Но существует еще один вид реакции, который за последнее время имел большой успех и очень в моде в определенных кругах; это тот вид реакции, который в настоящее время называют бонапартизмом. Бонапартизм является необходимой государственной формой в такой стране, где рабочий класс, который достиг в городах высокой ступени своего развития, но в деревне численно перевешивается мелким крестьянством, оказался побежденным в великой революционной битве классом капиталистов, мелкой буржуазией и армией. Когда во Франции парижские рабочие были побеждены в гигантской битве в июне 1848 г., одновременно и буржуазия была совершенно истощена этой победой. Она сознавала, что второй такой победы выдержать не сможет. Номинально она еще господствовала, но была слишком слаба для господства. На первый план выдвинулась армия, — настоящий победитель, — опирающаяся на класс, из которого она преимущественно рекрутировалась, на мелких крестьян, желавших отдохнуть от городских смутьянов. Формой этого господства был, само собой разумеется, военный деспотизм, его естественным шефом — прирожденный наследник его, Луи Бонапарт.
Отношение бонапартизма как к рабочим, так и к капиталистам характеризуется тем, что он препятствует им наброситься друг на друга. Это означает, что он защищает буржуазию от насильственных нападений рабочих, поощряет мелкие мирные стычки между обоими классами, а во всем остальном лишает как тех, так и других всяких признаков политической власти. Ни права союзов, ни права собраний, ни свободы печати; всеобщее избирательное право — но под таким бюрократическим гнетом, что оппозиционные выборы почти невозможны; засилие полиции, невиданное до сих пор даже в полицейской Франции. Наряду с этим происходит прямой подкуп некоторой части как буржуазии, так и рабочих; первых — путем колоссальных кредитных мошенничеств, при помощи которых деньги мелких капиталистов перекочевывают в карманы крупных; вторых — путем колоссальных государственных строительных работ, которые рядом с естественным, самостоятельным пролетариатом концентрируют в больших городах пролетариат искусственный, связанный с империей, зависимый от правительства. Наконец, льстят чувству национальной гордости посредством мнимо-героических войн, которые, однако, всегда ведутся с высочайшего дозволения Европы против общего в данный момент козла отпущения, да и то лишь при том условии, что победа заранее обеспечена.
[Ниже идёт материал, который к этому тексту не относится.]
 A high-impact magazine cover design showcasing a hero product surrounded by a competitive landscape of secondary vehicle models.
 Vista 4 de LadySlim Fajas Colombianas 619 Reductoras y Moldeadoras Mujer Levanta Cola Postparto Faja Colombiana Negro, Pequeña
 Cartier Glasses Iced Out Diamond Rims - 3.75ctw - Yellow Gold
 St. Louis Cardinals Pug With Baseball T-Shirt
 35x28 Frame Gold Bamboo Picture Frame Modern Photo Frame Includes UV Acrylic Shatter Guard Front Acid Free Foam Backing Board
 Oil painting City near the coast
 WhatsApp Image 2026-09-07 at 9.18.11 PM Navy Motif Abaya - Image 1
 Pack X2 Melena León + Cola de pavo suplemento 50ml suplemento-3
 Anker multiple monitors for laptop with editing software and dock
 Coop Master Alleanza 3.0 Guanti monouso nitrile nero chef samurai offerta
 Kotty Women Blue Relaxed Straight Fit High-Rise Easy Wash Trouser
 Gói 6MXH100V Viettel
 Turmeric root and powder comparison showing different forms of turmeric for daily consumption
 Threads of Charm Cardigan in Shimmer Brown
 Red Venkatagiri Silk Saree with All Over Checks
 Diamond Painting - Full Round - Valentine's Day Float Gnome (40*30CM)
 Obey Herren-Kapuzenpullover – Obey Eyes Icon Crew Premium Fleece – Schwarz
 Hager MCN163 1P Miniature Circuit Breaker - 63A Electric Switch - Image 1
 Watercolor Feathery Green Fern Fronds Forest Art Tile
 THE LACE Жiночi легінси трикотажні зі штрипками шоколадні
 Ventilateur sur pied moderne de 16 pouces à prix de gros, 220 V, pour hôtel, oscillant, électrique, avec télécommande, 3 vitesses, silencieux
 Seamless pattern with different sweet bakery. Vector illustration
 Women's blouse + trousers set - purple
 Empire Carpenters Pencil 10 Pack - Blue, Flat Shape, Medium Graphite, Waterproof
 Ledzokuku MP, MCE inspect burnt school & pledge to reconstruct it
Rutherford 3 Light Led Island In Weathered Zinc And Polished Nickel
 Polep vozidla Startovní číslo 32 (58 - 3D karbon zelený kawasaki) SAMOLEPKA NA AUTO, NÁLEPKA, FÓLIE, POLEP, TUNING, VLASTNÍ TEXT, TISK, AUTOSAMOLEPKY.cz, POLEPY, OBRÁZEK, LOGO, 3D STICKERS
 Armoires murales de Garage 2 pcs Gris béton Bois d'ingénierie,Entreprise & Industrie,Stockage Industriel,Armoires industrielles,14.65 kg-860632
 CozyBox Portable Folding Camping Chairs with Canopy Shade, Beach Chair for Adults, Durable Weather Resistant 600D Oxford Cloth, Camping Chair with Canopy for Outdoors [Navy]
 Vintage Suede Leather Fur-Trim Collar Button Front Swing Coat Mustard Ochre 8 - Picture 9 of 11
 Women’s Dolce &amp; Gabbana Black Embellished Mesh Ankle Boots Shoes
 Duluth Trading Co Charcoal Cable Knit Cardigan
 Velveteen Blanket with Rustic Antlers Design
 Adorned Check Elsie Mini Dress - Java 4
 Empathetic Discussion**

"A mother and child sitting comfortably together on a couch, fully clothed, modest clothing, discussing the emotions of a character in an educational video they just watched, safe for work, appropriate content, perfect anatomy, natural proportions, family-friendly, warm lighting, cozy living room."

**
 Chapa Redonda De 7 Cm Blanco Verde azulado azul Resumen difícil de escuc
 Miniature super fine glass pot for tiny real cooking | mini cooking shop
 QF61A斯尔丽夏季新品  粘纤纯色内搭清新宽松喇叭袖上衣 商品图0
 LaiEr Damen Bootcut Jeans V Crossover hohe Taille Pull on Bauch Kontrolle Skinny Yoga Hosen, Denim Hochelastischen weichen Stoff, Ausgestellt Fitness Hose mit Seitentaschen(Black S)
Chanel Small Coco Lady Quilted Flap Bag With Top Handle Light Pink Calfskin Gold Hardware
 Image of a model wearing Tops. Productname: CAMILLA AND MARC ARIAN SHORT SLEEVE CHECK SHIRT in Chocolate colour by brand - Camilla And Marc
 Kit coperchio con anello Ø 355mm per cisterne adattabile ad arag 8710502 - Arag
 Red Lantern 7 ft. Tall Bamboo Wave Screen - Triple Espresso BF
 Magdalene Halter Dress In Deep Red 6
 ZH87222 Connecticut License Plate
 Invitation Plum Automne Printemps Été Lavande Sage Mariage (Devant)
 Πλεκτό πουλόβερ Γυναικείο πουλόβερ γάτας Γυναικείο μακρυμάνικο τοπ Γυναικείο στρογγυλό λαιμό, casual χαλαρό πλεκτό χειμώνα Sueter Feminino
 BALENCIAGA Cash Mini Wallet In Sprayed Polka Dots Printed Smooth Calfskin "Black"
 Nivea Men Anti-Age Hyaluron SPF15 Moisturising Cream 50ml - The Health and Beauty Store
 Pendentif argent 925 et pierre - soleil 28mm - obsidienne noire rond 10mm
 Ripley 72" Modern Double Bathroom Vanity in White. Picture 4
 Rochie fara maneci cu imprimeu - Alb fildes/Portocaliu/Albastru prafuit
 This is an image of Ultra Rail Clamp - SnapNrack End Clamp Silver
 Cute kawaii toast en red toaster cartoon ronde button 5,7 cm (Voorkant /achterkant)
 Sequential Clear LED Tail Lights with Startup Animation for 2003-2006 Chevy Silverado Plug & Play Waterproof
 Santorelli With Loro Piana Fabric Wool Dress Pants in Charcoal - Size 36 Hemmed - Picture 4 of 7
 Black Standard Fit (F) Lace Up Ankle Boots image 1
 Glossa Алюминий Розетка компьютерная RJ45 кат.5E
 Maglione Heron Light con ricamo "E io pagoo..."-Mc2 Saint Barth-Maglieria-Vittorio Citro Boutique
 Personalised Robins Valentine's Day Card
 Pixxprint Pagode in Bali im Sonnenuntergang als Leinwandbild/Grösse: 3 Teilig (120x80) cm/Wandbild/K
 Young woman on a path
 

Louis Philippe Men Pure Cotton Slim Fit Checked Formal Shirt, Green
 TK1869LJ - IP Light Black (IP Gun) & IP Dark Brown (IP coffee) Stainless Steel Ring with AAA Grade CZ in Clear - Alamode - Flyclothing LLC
Самое большее, что при таком правительстве достается и рабочим и буржуазии, это то, что они отдыхают от борьбы, что промышленность — при прочих благоприятных условиях— сильно развивается, что, следовательно, создаются элементы для новой и более ожесточенной борьбы и что эта борьба вспыхивает, как только перестает существовать потребность в такой передышке. Было бы верхом глупости ожидать большего для рабочих от правительства, которое как раз для того только и существует, чтобы держать рабочих в узде по отношению к буржуазии.
Перейдем теперь к специально разбираемому нами случаю. Что может предложить рабочей партии реакция в Пруссии?
Может ли эта реакция предложить рабочему классу действительное участие в политической власти? — Безусловно нет. Во-первых, в новейшей истории, ни в Англии, ни во Франции, никогда еще не бывало случая, чтобы реакционное правительство сделало это. Во-вторых, в современной борьбе в Пруссии дело идет как раз о том, сосредоточит ли правительство всю реальную власть в своих руках или же оно должно будет разделить ее с парламентом. Не станет же правительство, в самом деле, пускать все средства в ход, лишать буржуазию власти лишь для того, чтобы затем подарить эту власть пролетариату!
Феодальная аристократия и бюрократия могут сохранить свою реальную власть в Пруссии и без парламентского представительства. Их традиционное положение при дворе, в армии, среди чиновничества гарантирует им эту власть. Им даже незачем желать особого представительства, так как палаты из дворян и чиновников, существовавшие при Мантёйфеле, в настоящее время в Пруссии надолго все-таки невозможны. Поэтому они не прочь послать к черту и всю систему палат.
Напротив, буржуазия и рабочие могут действительно организованно использовать политическую власть только через парламентское представительство, а это парламентское представительство только тогда чего-нибудь стоит, когда за ним обеспечено участие в обсуждении и решении, другими словами — если оно может держать в своих руках «ключ от денежного ящика». Но именно этому-то Бисмарк, как он сам признает, хочет помешать. Мы спрашиваем: в интересах ли рабочих, чтобы у этого парламента была отнята вся власть, у парламента, в который рабочие сами рассчитывают войти посредством завоевания всеобщего и прямого избирательного права и в котором они надеются когда-нибудь составить большинство? Разве в их интересах приводить в движение все рычаги агитации с целью войти в состав такого органа, который в конечном счете не будет иметь никакого веса? Разумеется, нет!